** DATASET EXTRACT follows **

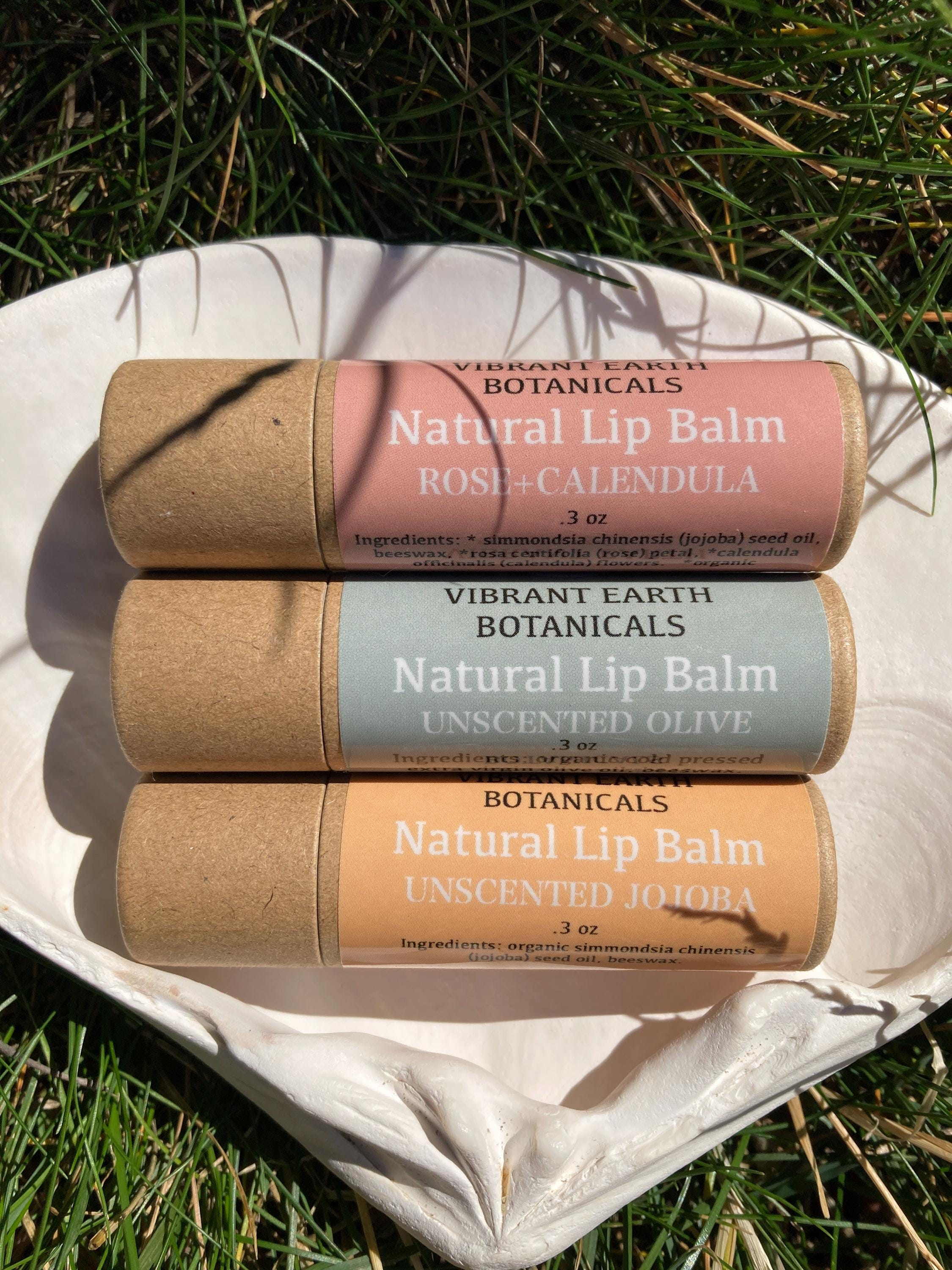 Natural Lip Balm 3-Pack - Rose+Calendula, Olive, Jojoba, Zero Waste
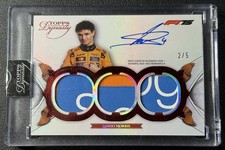 LANDO NORRIS 2025 TOPPS DYNASTY FORMULA 1 F1 TRIPLE RELIC AUTO RED LOGO PATCH /5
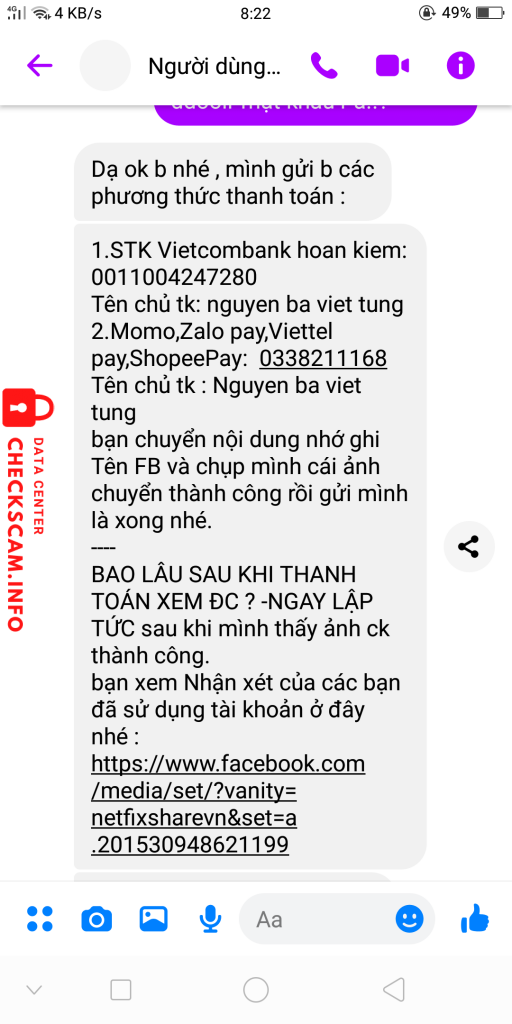 Evidência contra Nguyễn Bá Việt Trung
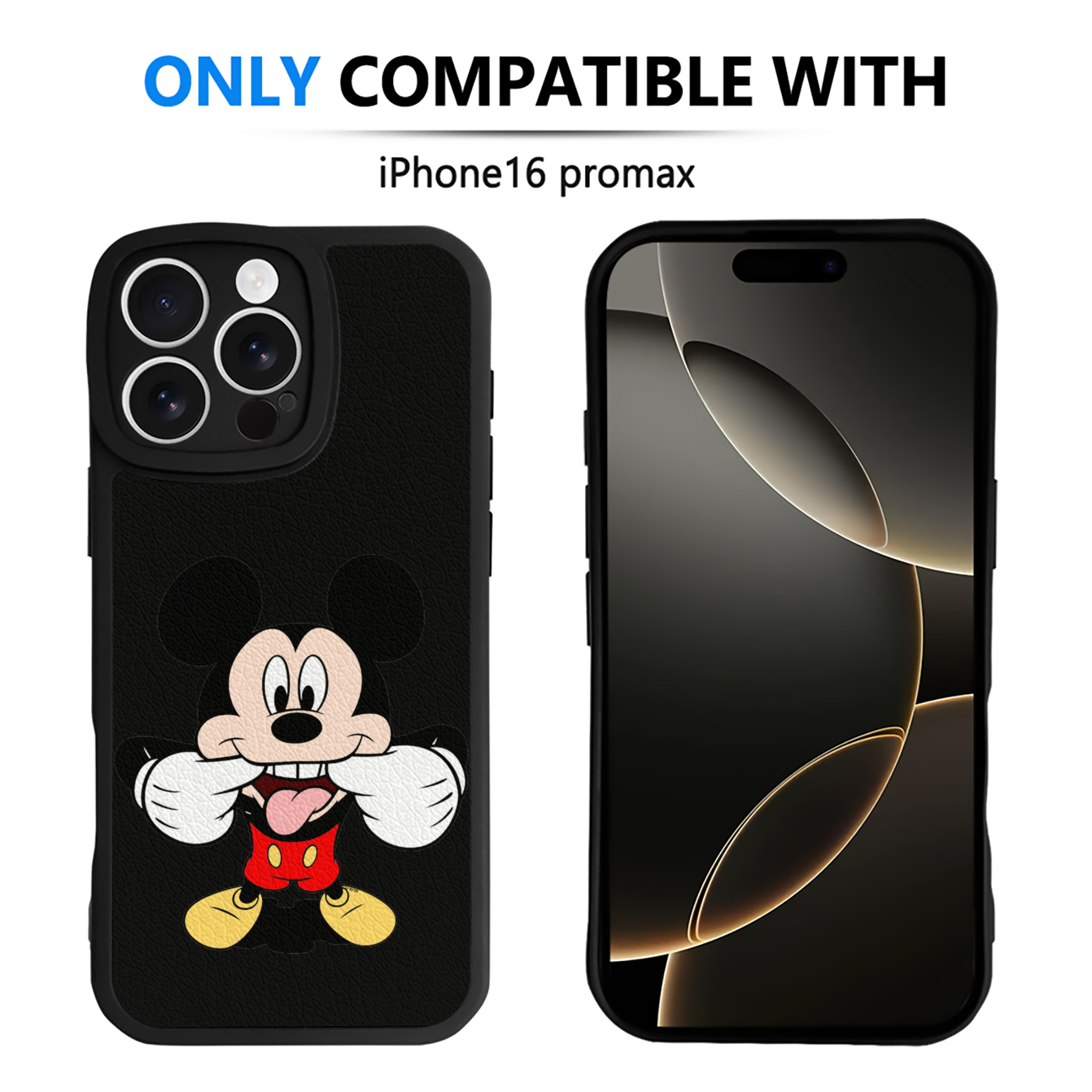 （画像用） ミッキーマウス Mickey Mouse 【iPhone 16シリーズ対応】シリコンスマホケース（レザー調） 材質：シリコン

** End of DATASET EXTRACT **

YOUR GOAL => Where the line with "Evidência contra Nguyễn Bá Việt Trung" appears, begin there and transcribe exactly through the last line of the data, leaving all pictures aside.

ANSWER SPACE =>
 Evidência contra Nguyễn Bá Việt Trung
 （画像用） ミッキーマウス Mickey Mouse 【iPhone 16シリーズ対応】シリコンスマホケース（レザー調） 材質：シリコン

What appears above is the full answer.